- _TASK DESCRIPTION_: Print all the data that follows exactly, images excluded.

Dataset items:
====================

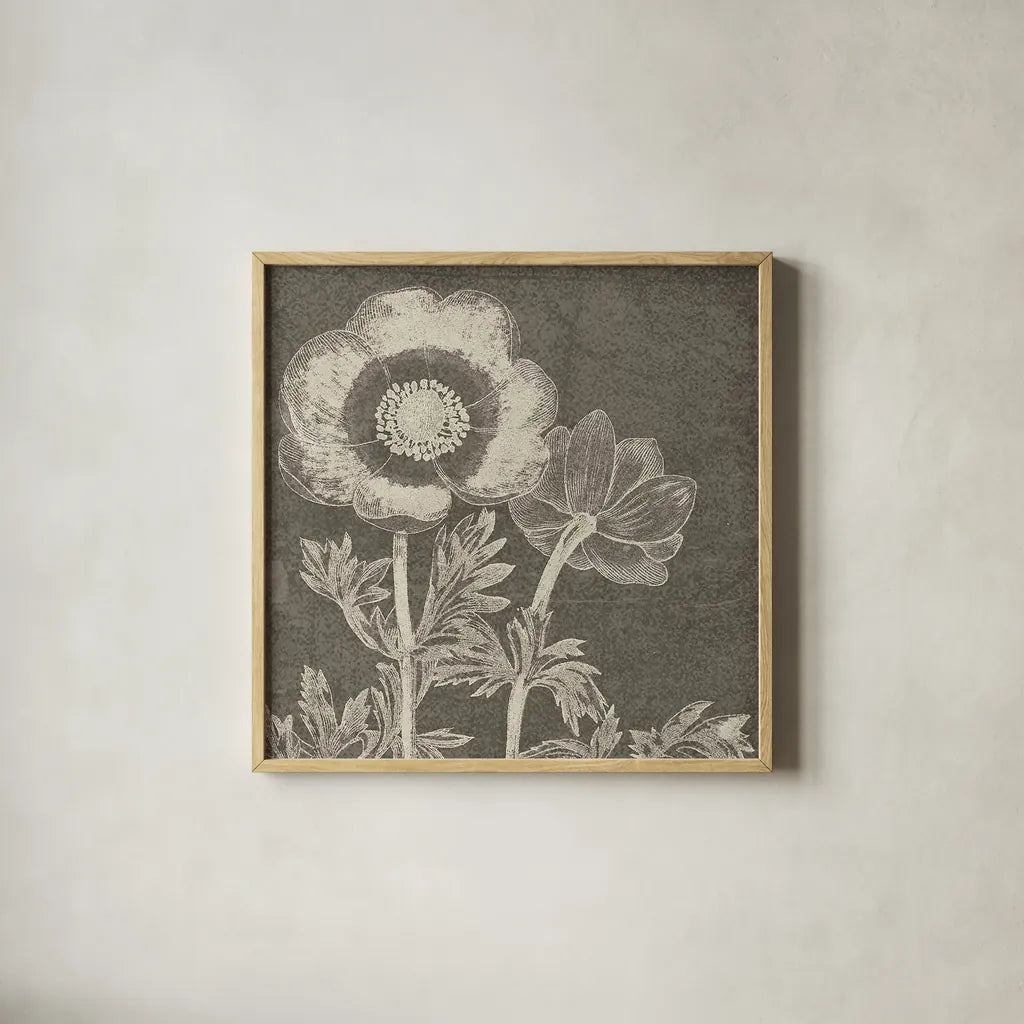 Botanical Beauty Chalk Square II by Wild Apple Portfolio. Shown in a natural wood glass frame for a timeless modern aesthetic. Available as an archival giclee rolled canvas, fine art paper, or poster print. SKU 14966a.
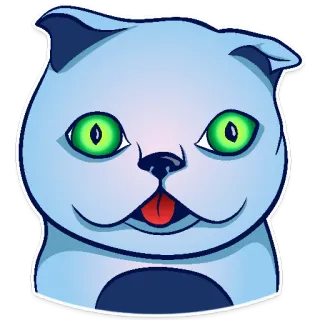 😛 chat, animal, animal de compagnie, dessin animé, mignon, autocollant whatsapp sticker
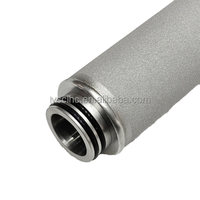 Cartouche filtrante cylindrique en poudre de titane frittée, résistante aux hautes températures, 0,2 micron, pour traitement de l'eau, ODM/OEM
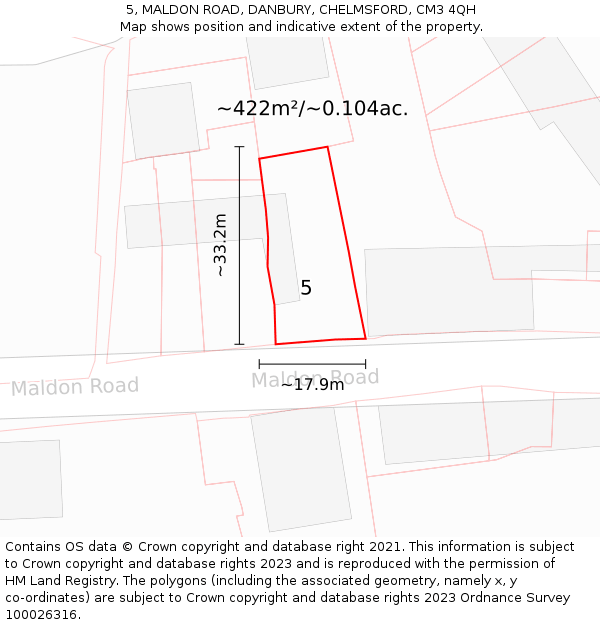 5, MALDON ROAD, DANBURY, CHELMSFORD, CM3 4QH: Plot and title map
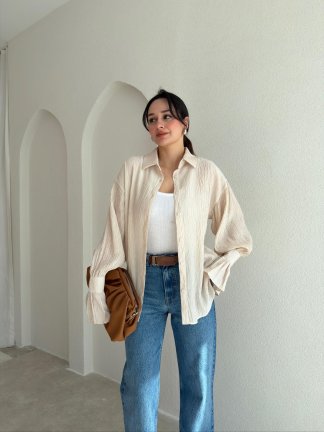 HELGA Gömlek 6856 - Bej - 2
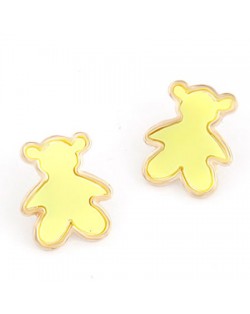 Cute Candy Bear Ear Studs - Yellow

====================

- _EXERCISE ANSWER_:
 Botanical Beauty Chalk Square II by Wild Apple Portfolio. Shown in a natural wood glass frame for a timeless modern aesthetic. Available as an archival giclee rolled canvas, fine art paper, or poster print. SKU 14966a.
 😛 chat, animal, animal de compagnie, dessin animé, mignon, autocollant whatsapp sticker
 Cartouche filtrante cylindrique en poudre de titane frittée, résistante aux hautes températures, 0,2 micron, pour traitement de l'eau, ODM/OEM
 5, MALDON ROAD, DANBURY, CHELMSFORD, CM3 4QH: Plot and title map
 HELGA Gömlek 6856 - Bej - 2
 Cute Candy Bear Ear Studs - Yellow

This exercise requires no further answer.